[Start of section]
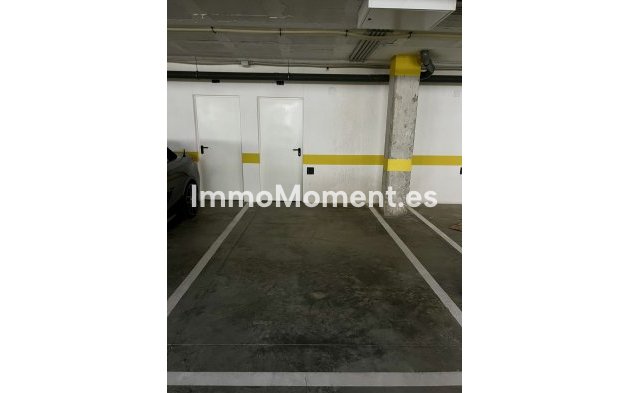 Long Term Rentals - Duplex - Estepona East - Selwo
[End of section]
[Start of section]
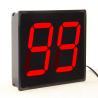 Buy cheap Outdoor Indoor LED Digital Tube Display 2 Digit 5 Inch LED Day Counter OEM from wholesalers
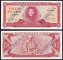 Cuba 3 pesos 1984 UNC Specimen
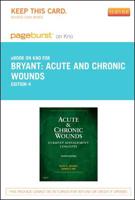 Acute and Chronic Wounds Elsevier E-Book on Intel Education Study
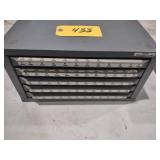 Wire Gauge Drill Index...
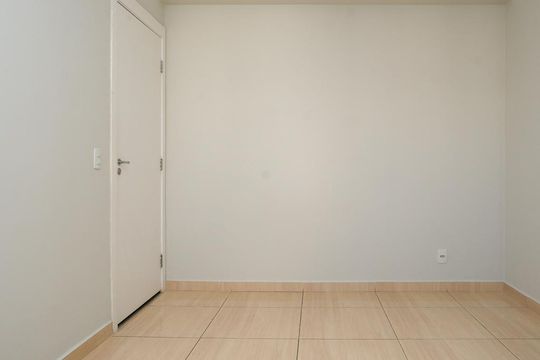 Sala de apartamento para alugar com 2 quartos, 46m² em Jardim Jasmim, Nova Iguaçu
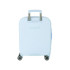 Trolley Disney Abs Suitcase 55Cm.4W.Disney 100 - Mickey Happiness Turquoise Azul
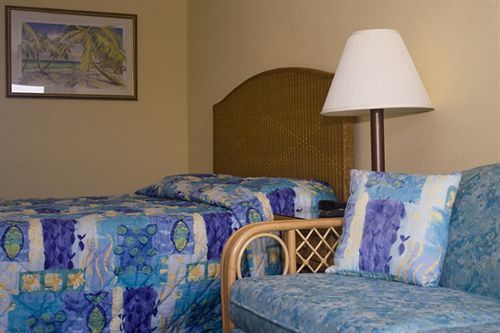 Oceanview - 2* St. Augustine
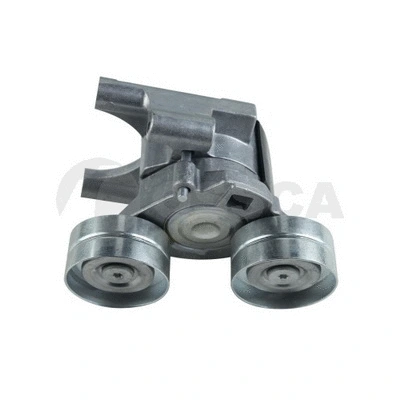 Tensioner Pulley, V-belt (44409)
[End of section]
Would you please reproduce the entries above, starting at the line with "Acute and Chronic" and stopping after the line with "Tensioner Pulley, V-belt (44409)"? Omit any pictures.

### ANSWER BOX
 Acute and Chronic Wounds Elsevier E-Book on Intel Education Study
 Wire Gauge Drill Index...
 Sala de apartamento para alugar com 2 quartos, 46m² em Jardim Jasmim, Nova Iguaçu
 Trolley Disney Abs Suitcase 55Cm.4W.Disney 100 - Mickey Happiness Turquoise Azul
 Oceanview - 2* St. Augustine
 Tensioner Pulley, V-belt (44409)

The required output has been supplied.